WHAT THE TASK REQUIRES:
From the data underneath, reproduce exactly the stretch that begins at the line with "CHARLESTON SCHOOL OF PROTOCOL AND ETIQUETTE" and ends after the line with "Mix Perreo Rkt 9 - DJ Angelisai Roblox ID".

RECORDS SHOWN:
======

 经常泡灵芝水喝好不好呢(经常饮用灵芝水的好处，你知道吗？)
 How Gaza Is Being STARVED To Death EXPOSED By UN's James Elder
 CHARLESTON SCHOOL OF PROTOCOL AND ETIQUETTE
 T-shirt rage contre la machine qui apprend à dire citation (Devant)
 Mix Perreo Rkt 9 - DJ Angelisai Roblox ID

======

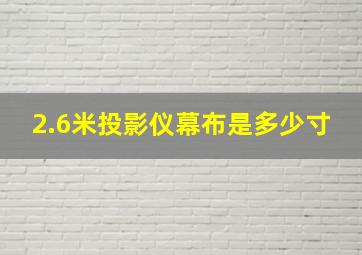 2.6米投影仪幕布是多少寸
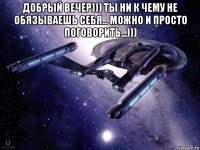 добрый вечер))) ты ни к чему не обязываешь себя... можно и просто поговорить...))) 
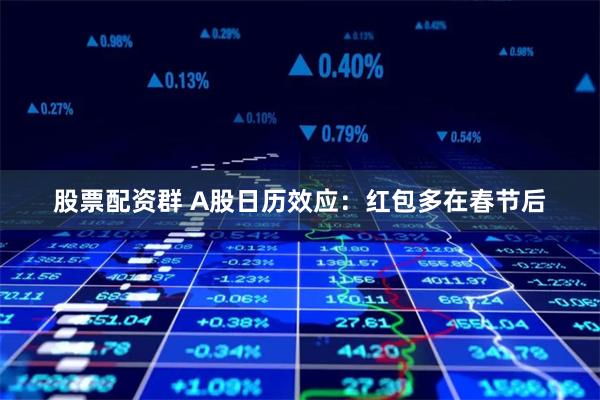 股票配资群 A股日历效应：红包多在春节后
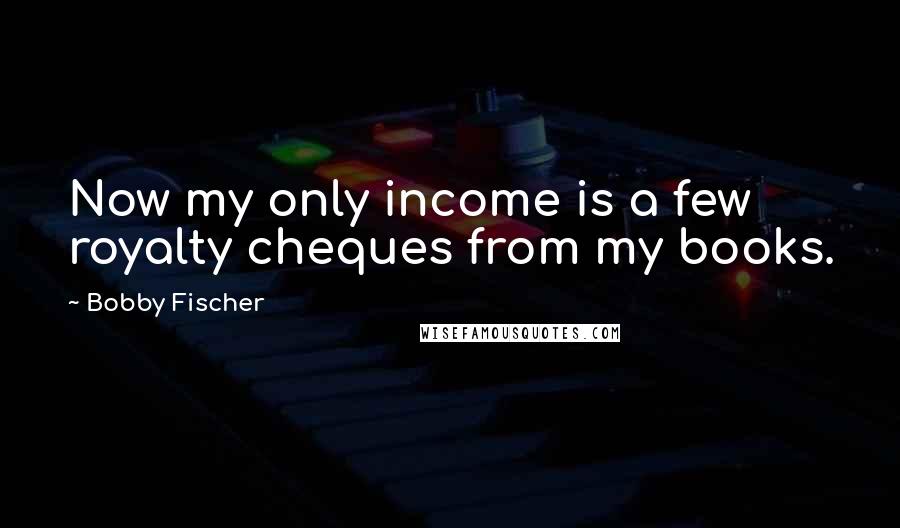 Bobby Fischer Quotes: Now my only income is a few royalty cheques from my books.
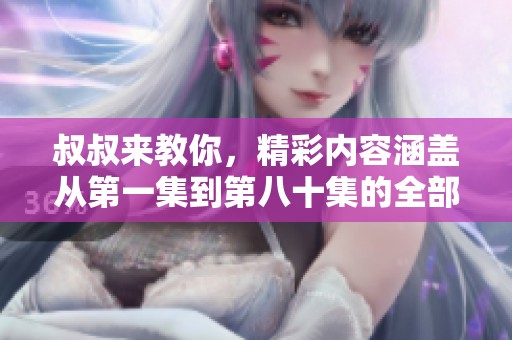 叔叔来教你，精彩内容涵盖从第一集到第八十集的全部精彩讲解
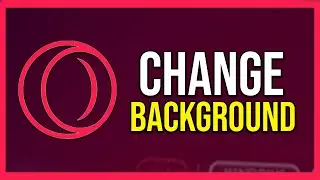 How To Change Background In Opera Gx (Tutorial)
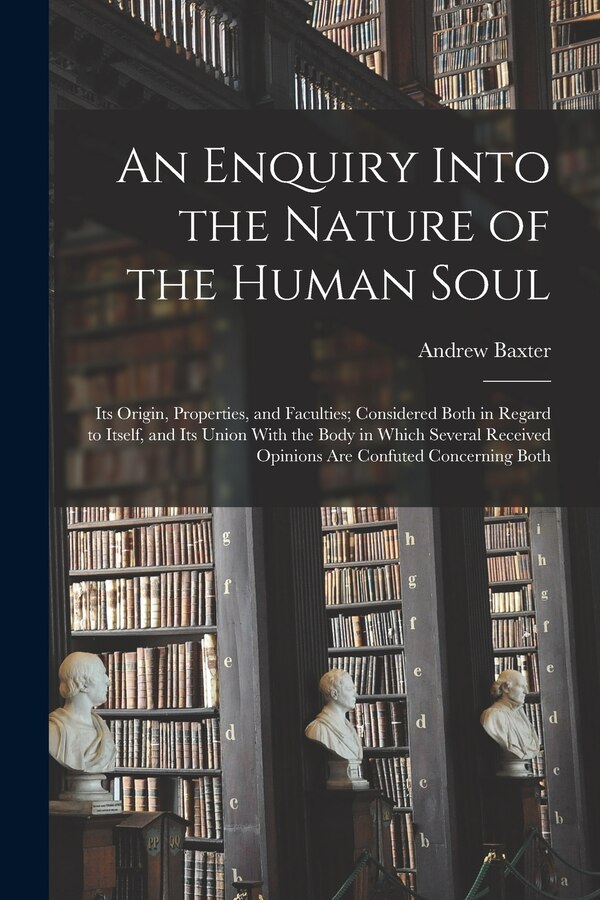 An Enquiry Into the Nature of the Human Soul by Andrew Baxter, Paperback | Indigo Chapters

======

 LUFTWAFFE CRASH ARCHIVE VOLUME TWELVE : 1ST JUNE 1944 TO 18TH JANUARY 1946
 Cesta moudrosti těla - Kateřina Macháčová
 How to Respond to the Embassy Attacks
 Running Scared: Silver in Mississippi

======

ANSWER FOR THIS EXERCISE:
 CHARLESTON SCHOOL OF PROTOCOL AND ETIQUETTE
 T-shirt rage contre la machine qui apprend à dire citation (Devant)
 Mix Perreo Rkt 9 - DJ Angelisai Roblox ID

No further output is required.